### Supplied data
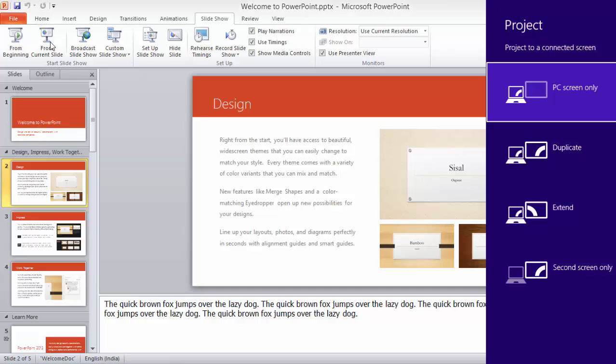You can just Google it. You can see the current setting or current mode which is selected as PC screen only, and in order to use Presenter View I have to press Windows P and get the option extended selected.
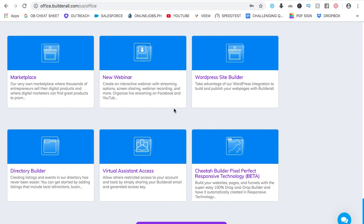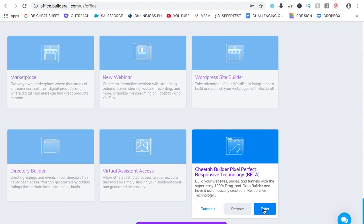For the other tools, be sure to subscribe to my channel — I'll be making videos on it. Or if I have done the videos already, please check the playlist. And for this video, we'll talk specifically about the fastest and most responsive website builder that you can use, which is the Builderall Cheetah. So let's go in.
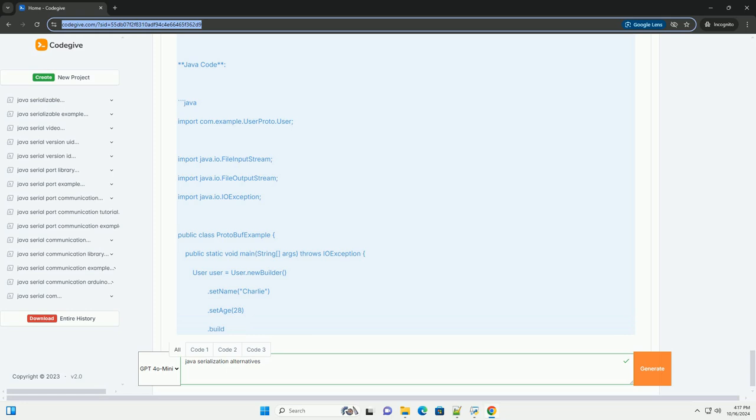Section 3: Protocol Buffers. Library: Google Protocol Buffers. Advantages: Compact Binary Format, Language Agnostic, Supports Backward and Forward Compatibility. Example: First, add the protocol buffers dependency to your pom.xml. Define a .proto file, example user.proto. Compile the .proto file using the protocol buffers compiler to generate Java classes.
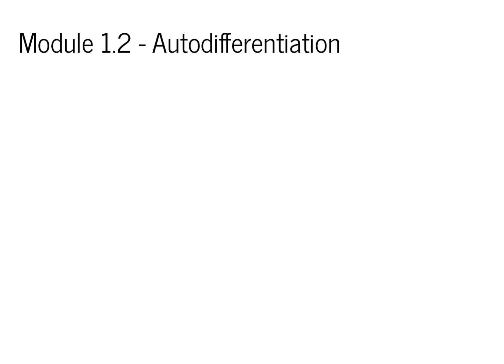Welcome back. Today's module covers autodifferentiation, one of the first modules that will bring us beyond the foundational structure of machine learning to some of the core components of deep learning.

...

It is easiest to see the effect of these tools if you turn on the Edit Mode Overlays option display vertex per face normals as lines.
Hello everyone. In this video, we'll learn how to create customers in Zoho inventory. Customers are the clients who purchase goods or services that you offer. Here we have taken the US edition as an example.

==

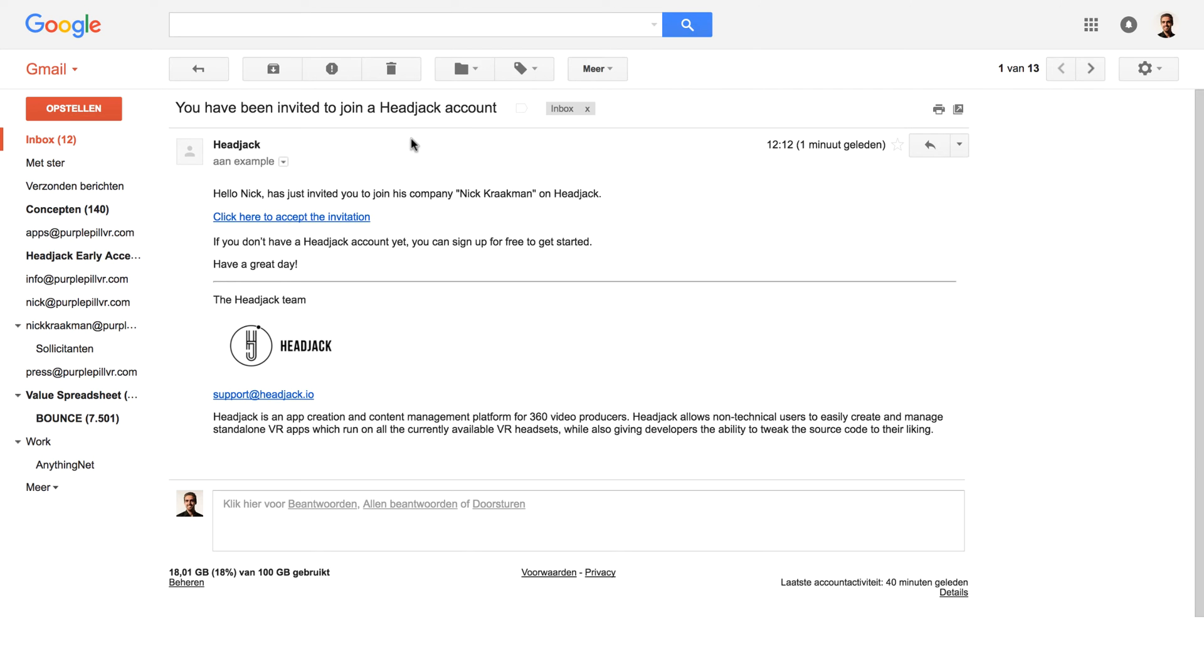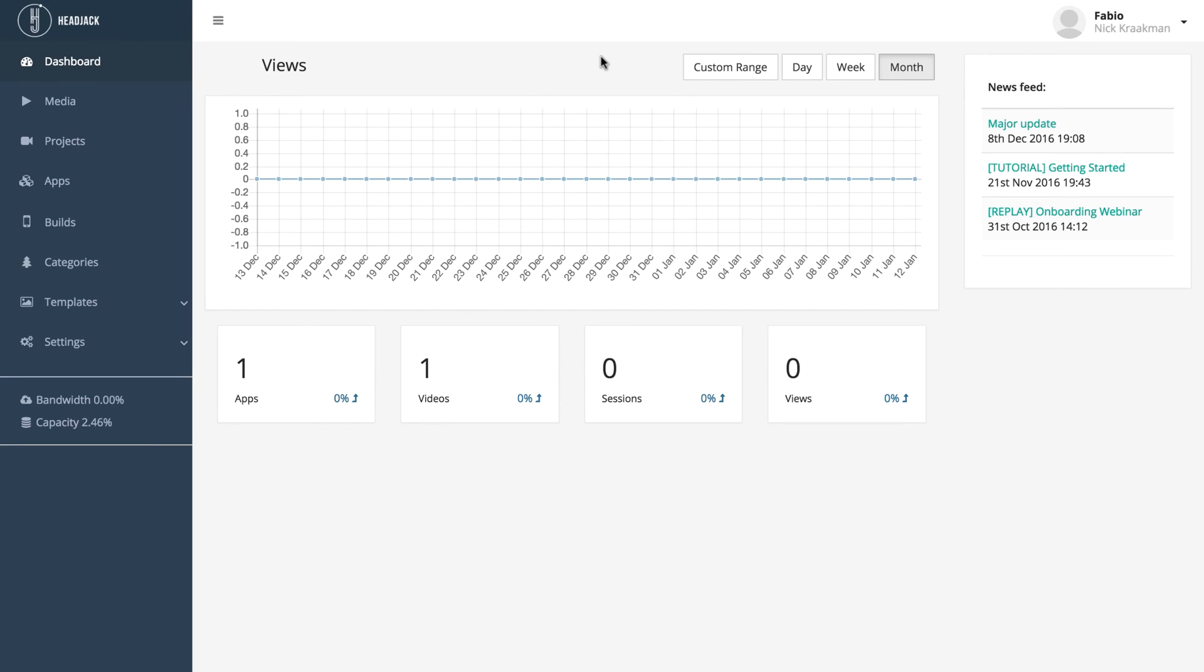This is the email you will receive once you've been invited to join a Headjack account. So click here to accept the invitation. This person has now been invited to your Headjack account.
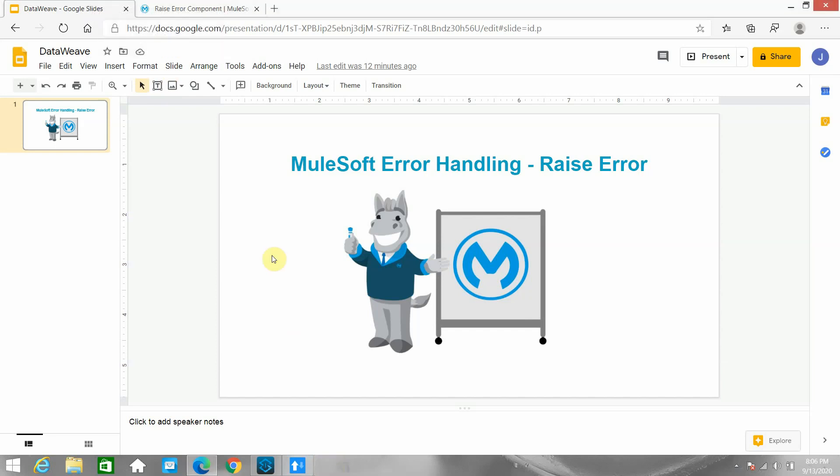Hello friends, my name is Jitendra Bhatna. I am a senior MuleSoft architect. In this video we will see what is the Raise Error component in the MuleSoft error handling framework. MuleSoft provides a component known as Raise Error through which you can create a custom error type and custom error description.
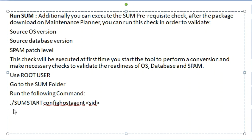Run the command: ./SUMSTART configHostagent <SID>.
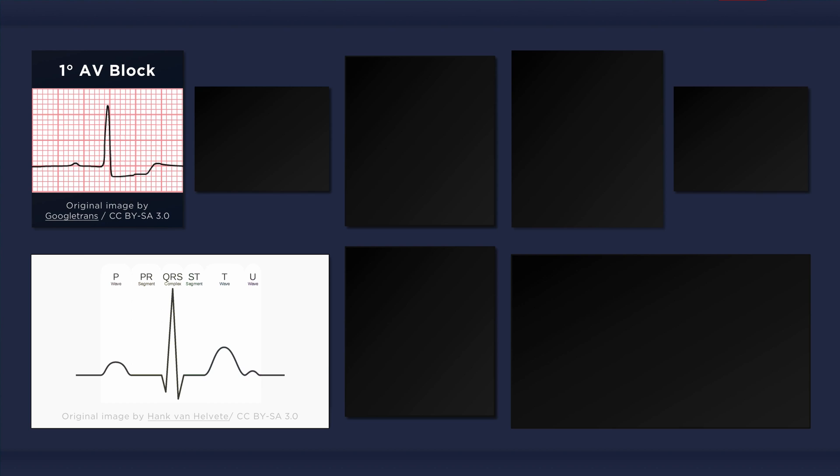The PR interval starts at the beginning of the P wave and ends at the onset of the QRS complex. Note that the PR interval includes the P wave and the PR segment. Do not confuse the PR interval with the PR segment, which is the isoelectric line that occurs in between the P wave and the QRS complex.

### Problem details
From the entries above, give again exactly the lines running from the line with "It is easiest" to the line with "Hello everyone. In"; include both of those lines.

### Exercise solution
It is easiest to see the effect of these tools if you turn on the Edit Mode Overlays option display vertex per face normals as lines.
Hello everyone. In this video, we'll learn how to create customers in Zoho inventory. Customers are the clients who purchase goods or services that you offer. Here we have taken the US edition as an example.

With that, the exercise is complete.